"Ümitvar olunuz, şu istikbal inkılâbı içinde en yüksek gür sada İslâm'ın sadası olacaktır."

Piyasalar

Hilâfet haberine de tahammülsüzlük

M. Latif SALİHOĞLU
09 Aralık 2019, Pazartesi
TARİHİN YORUMU: 9 ARALIK 1923

Hilâfet makamı, resmî olarak 3 Mart 1924’te lağvedildi. Ancak, bu dinî makamın kaldırılması yönündeki niyet ve teşebbüslerin, o tarihten uzun zaman önce kendini göstermiş olduğu anlaşılıyor.

Meselenin daha iyi anlaşılabilmesi için, o dönemdeki bazı “akıl almaz” gelişmelere kısaca bakmaya çalışalım.

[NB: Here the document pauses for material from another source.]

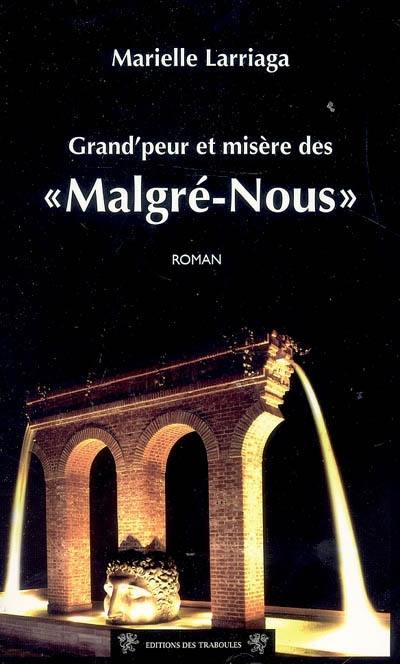 Grand'peur et misère des Malgré-nous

Hilâfetin kaldırılacağı yönündeki söylentiler, 1923 yılı başlarından itibaren etrafa, hatta yurt dışına kadar yayılmaya başladı. Bu sebeple, Hint Müslümanları liderlerinden Ağa Han ile Emir Ali isimli zâtlar, Başbakan İsmet Paşa’ya hitaben bir temenni mektubu yazıp gönderdiler.

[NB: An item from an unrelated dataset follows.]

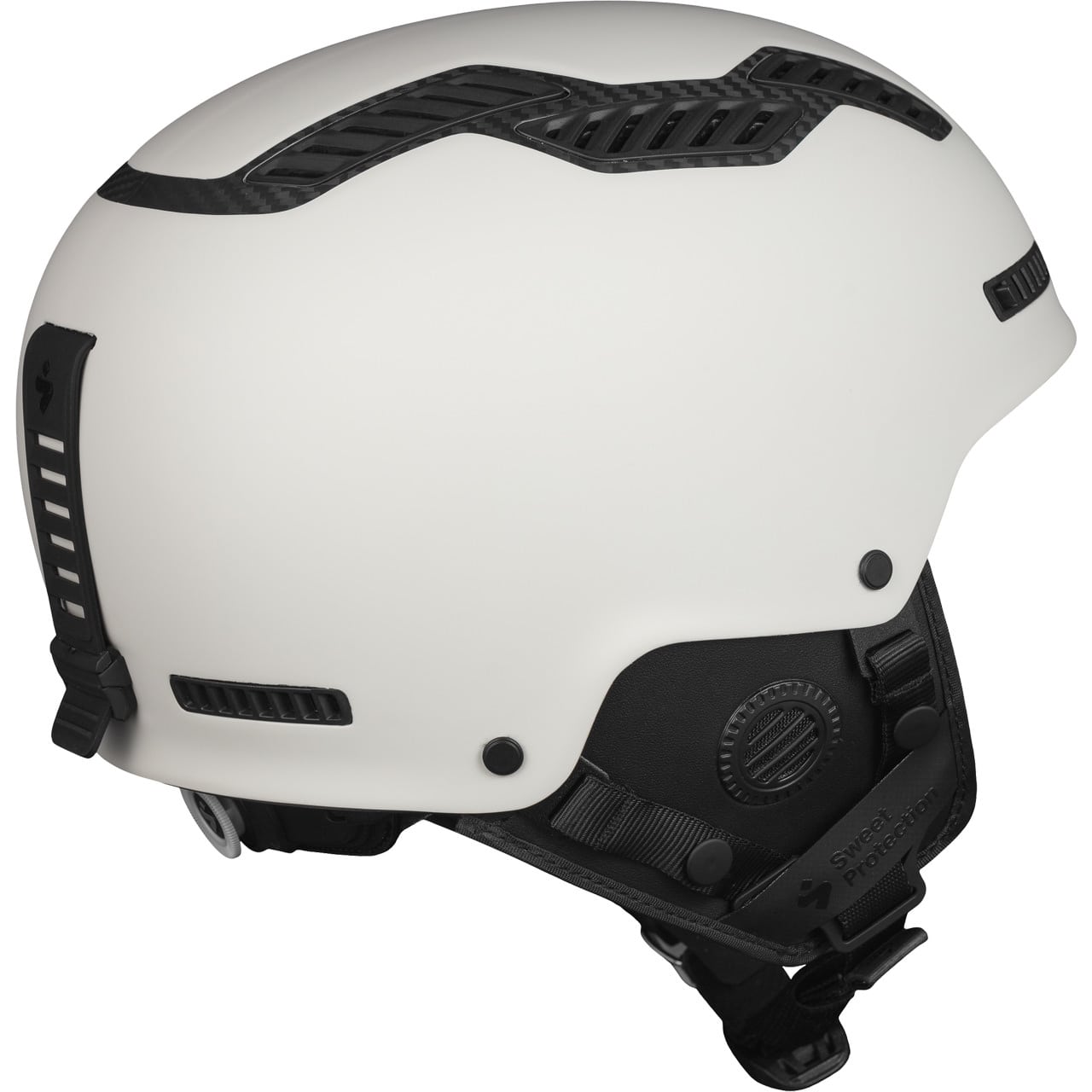 Sweet Grimnir 2Vi MIPS bronko white | Sweet Protection Skihelme | Sweet Protection | S | MARKEN | XSPO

Kısaca "Hilâfet devam ettirilsin" şeklindeki o temenni mektubunu neşreden İstanbul’daki bazı gazetelere korkunç şekilde bir gözdağı verildi. O gazetelerin kadrosunda bulunan bazı gazeteciler, 9 Aralık 1923'te flaş bir operasyonla tutuklanarak mahkemeye sevk edildiler. Hatta, sırf bu maksatla İstanbul'da bir İstiklâl Mahkemesi bile teşkil edildi: Haftalar, aylar süren duruşmalar neticesinde, bazı gazeteciler serbest bırakılırken, bir kısmı da çeşitli cezalara çarptırıldı. İstiklâl Mahkemesi’nin "Beş yıl kürek mahkûmiyeti" ile cezalandırdığı kişilerden biri de, aynı konuya dair Tanin gazetesinde yazısı yayınlanan İstanbul Barosu Başkanı Av. Lütfi Beydi.

* * *

Asıl ismi Sultan Muhammed Şah olan Şiî/İsmailî lider Ağa Han (1877-1957) ile Emir Ali, 29 Ekim 1923’te Ankara merkezli olarak kurulan  Türkiye Cumhuriyeti hükümetinin Hilâfeti kaldıracağı ve bu makamı lağvedeceği yönünde, güvenilir kaynaklardan bazı duyumlar almışlardı.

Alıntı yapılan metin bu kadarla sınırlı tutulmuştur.